Grape Juice es el nombre de su primera novela. Se trata de una novela romántica de tinte contemporáneo, publicada por la editorial independiente 831 Stories, especializada en ficción dinámica, actual, breve y urbana, con una marcada impronta generacional.

La historia se centra en una joven representante de vinos de Nueva York que atraviesa una crisis personal y profesional y, de pronto, se ve inmersa en una vendimia en Alsacia, Francia. Un viaje que no solo es físico, sino también emocional. A partir de allí, el relato se adentra en el mundo del vino con una inercia conceptual que avanza a través de una estructura narrativa acompañada por sentimientos genuinos como el cambio, los miedos, el deseo y el hastío, tratados desde la intimidad. Ese es uno de los elementos que atrapan al lector.

Grape Juice no es una novela técnica sobre vino ni una historia de bodegas y puntuaciones. Es una novela sobre vínculos, sobre lo que sucede cuando la rutina se agota y el cuerpo pide otra cosa. La vendimia aparece como un tiempo suspendido: días largos, trabajo físico, conversaciones nocturnas, rutas secundarias, pueblos pequeños y copas compartidas sin solemnidad.

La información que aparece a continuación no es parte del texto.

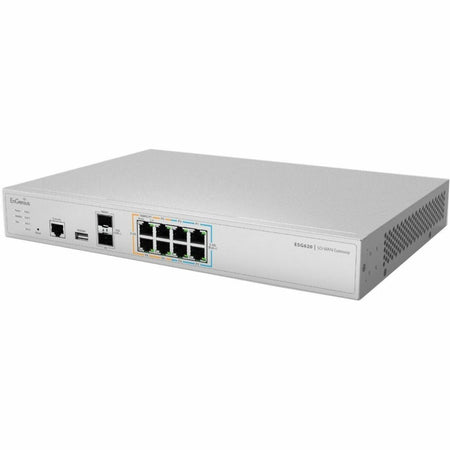 EnGenius ESG620 Router - ESG620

En ese estadio entra en juego un ambiente intimista, sensorial y descriptivo. El personaje transita cocinas, rutas, bares y mesas donde se conjugan los sentimientos, mientras las descripciones completan escenas costumbristas.

Como suele suceder en estos casos, Dumais reconoce que muchos pasajes están inspirados en su propia vida: una estampa a veces cercana y otras más distante de sus vivencias y sensaciones en un mundo complejo y pleno de verdades subjetivas. Allí se plasma una mirada emocional que construye puentes entre dos universos y deja ver su veta como comunicadora del vino natural.

Una escena que cobra vida

Habitual de Anaïs, un pequeño bar de vinos a la luz de las velas escondido entre las casas de ladrillo de uno de los barrios más reconocidos de Brooklyn, Boerum Hill, Eliza se mueve en este ámbito con naturalidad, como si hubiera nacido en él.

Su cercanía es con el ambiente y también con quienes lo frecuentan, porque es allí donde despliega el carisma que la llevó a transmitir con precisión lo que se siente al beber una copa de vino. Para eso elige vinos de pequeños productores, espumantes de casas recoletas con ediciones limitadas y bebidas que forman parte de bodegas de producción acotada, pequeños tesoros por descubrir.

Ese es uno de los escenarios que Eliza transita en una noche, porque luego de cierta hora se desplaza sigilosamente a otro, donde la escena la lleva a compartir experiencias con un grupo distinto, pero atravesado por la misma pasión.

Eliza Dumais representa una figura actual y contemporánea, el prototipo de una enamorada del vino. Una historia que habla más que los ejemplos, que transmite vivencias desde lo más profundo y elige vivir a pleno lo que el presente le brinda. Todo para comunicar sin retaceos, eligiendo la autenticidad como lienzo sobre el cual se pintan sabores. Autenticidad y simpleza para adentrarnos en el mundo del vino natural, donde todo está aún por descubrirse.